In discussing Hackmaster with some of my face to face friends, the recurrent complaint I hear is about the 3d6, straight down, and other random aspects of character generation. If you cherry-pick your flaws instead of rolling randomly, they're worth only half. You don't get X% in a skill for an expenditure of Y BP, you get to roll a die based on your current skill level for Y BP.... you may get 1 point for your 10 BP spent on Divine Lore, or you may roll your initial d12p*, get a 36, and be an eerily competent miner from your dwarven freebie (seen it happen).
However, one thing I very much like about this is how it helps you flesh out your character. The previous character? He started out as a Dejy (human phenotype, similar in appearance to Asians or Native Americans, with all the variety that entails), perhaps from the large city of Shyta-on-Dobyo. But then I started rolling. And I wound up with a priest of the Traveler whose brothers and sisters were mostly angry with him, and who knew the Eternal Lantern better than his own faith. It completely changed who the character was, and helped to make him real. His background, cribbed from Merle Haggard, wrote itself in the action of random dice rolls indicating where he came from... a man of who was pretty unsuited to the life he was trained for.
This happens all the time with Hackmaster's random tables. Like the 4 Intelligence halfling thief with SCARY Fire-building skills and pocking (Hey, look who likes to play with fire and got burned). Or the almost-shopkeeper** gnome rogue. His only good stats were Looks, Charisma, and a slightly acceptable Intelligence (once I reorganized them)... his Needy flaw told me immediately who he was... someone whose physical weakness and low Wisdom lead them to rely on others far more than they really needy to... but who had the ability to make others do what he wanted.
It's a refrain among Hackmaster players... play the game. Don't obsess about how little fighters get, sit down and play the game. Don't worry because your stats are lower than you're used to... sit down and play the game. Because once you do, you find how these things work to make a great game.

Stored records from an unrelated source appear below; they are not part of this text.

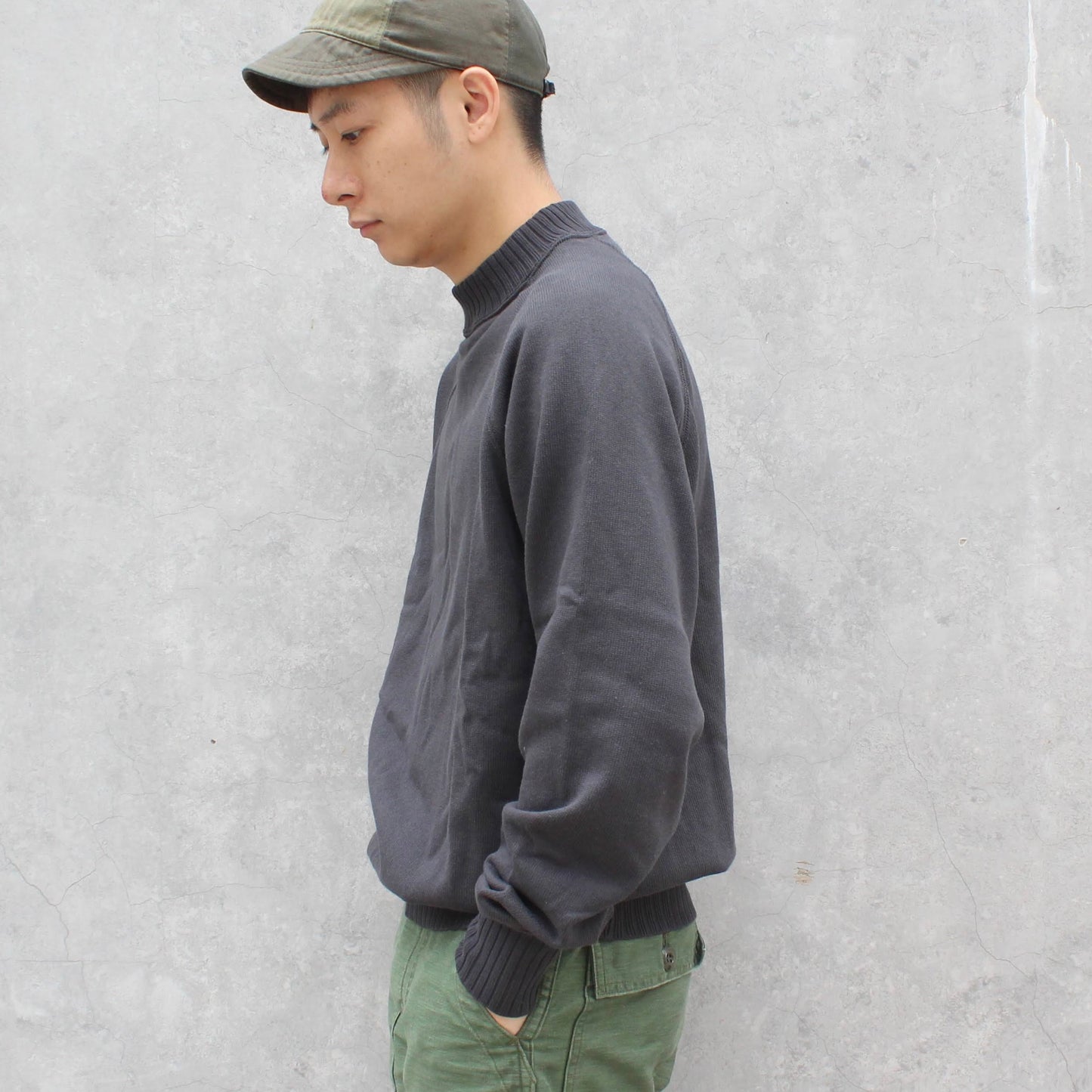 WORKERS - HEAVY COTTON RAGLAN SWEATER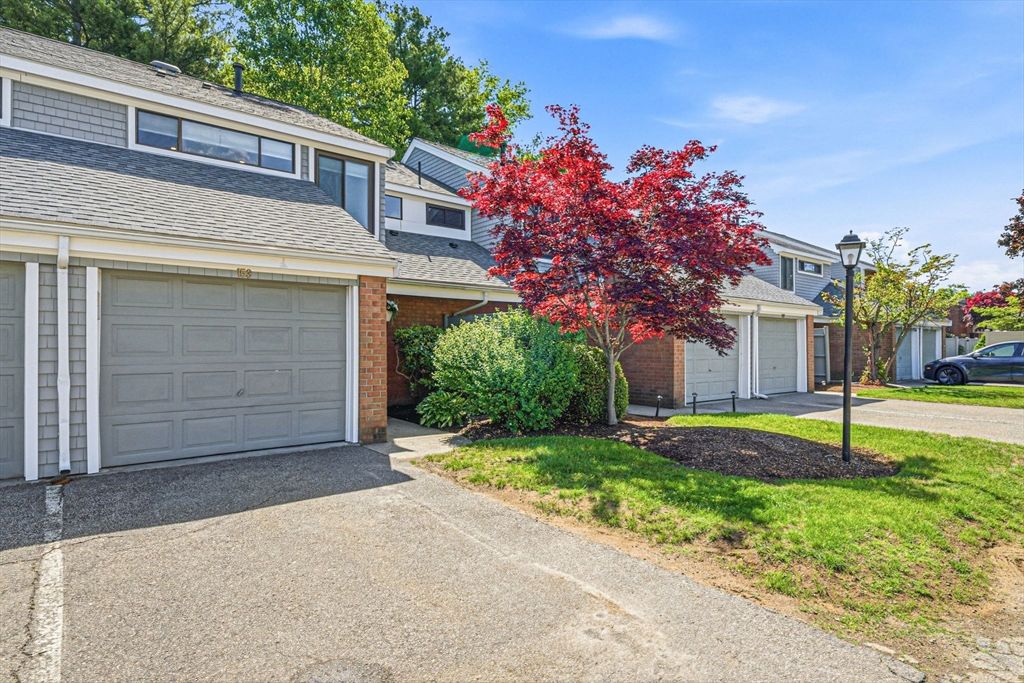 153 Greenbrook Dr 153, Stoughton, MA 02072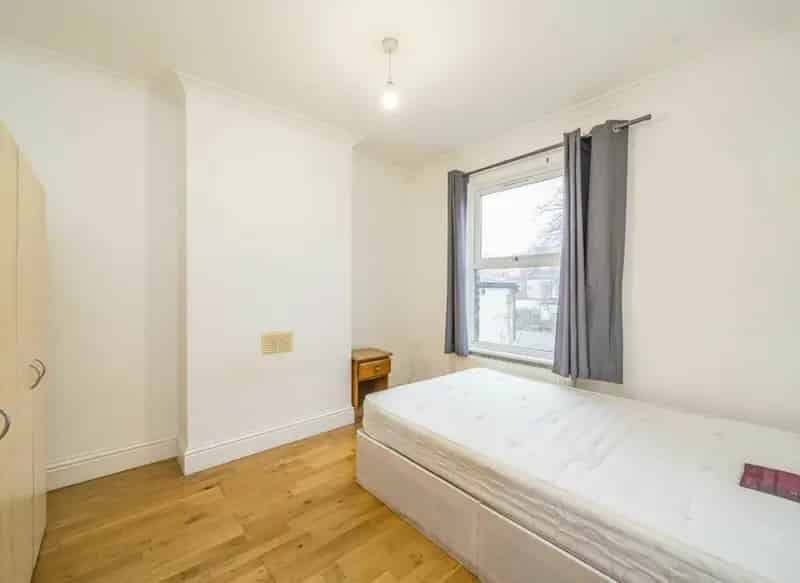 3 Double Bedroom Victorian House Potential to Extend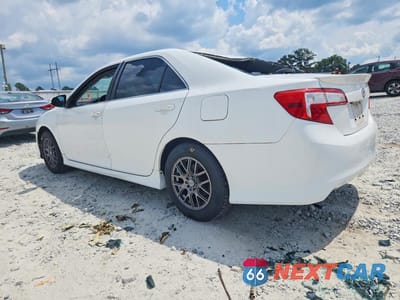 Drugie zdjęcie samochodu z przodu: 2014 TOYOTA CAMRY SE VIN:4T1BF1FK3EU796549 - miniatura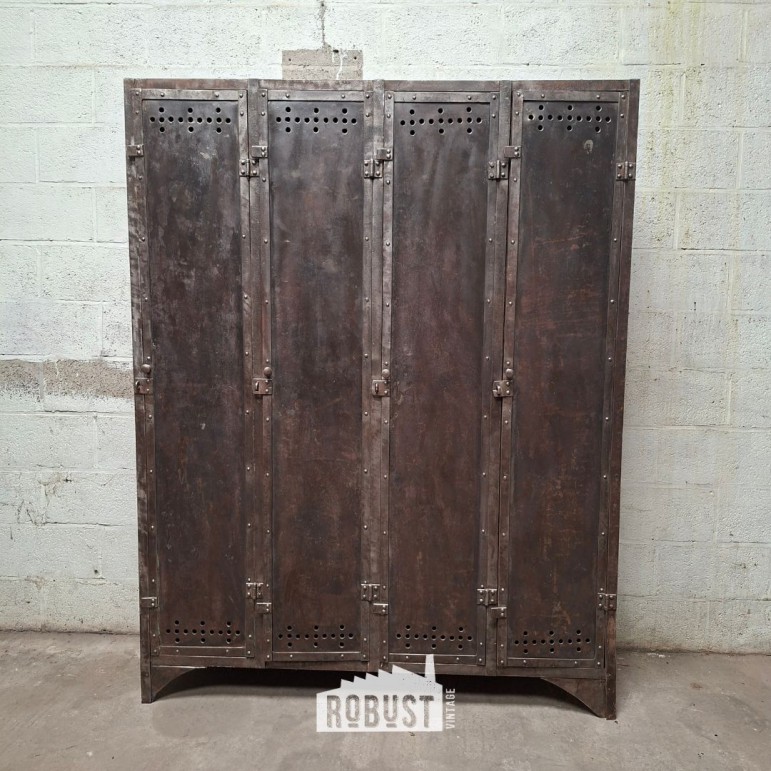Metalen lockerkast met 4...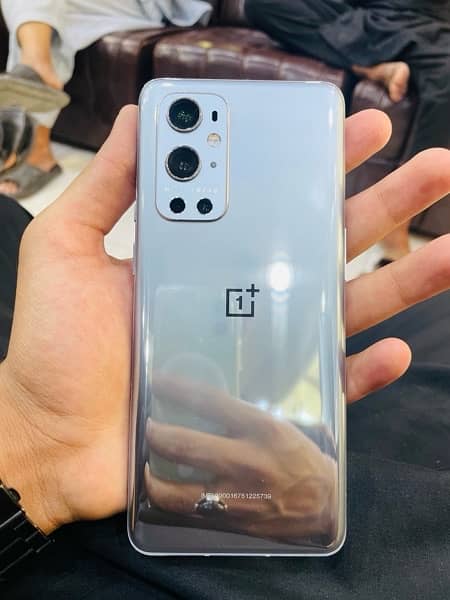 oneplus 9 pro 5g 12 /256 minor front glass break only show in pics 0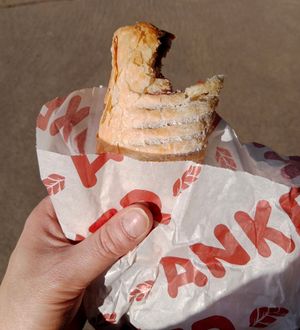 Erdbeer-Vanille Tascherl at Anker - Schwedenpl  in Vienna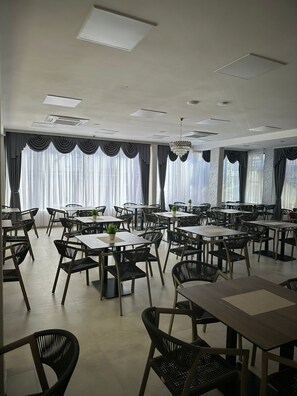 Restaurant - Hotel Mondo  (Budva)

*Hackmaster uses "penetrating" dice, similar to exploding dice. However, on any subsequent roll, you subtract 1 from what shows on the die; on a d12p, if you roll a 12 and then a 1, your total is 12 + (1-1); if you rolled a 10 on the second, your total would be 12 + (10-1). Roll the maximum again, and you keep going, but you still subtract 1 from each die after the first. d20p penetrates to a d6p, however, and d100p penetrates to a d20p.
**While stats are 3d6 in order for best results, there's one bit of leeway... if your stats utterly suck, you can declare the character a shopkeeper and roll again with no penalty. These stats have to be either nothing of 13 or higher, or 2 or more stats of 5 or less.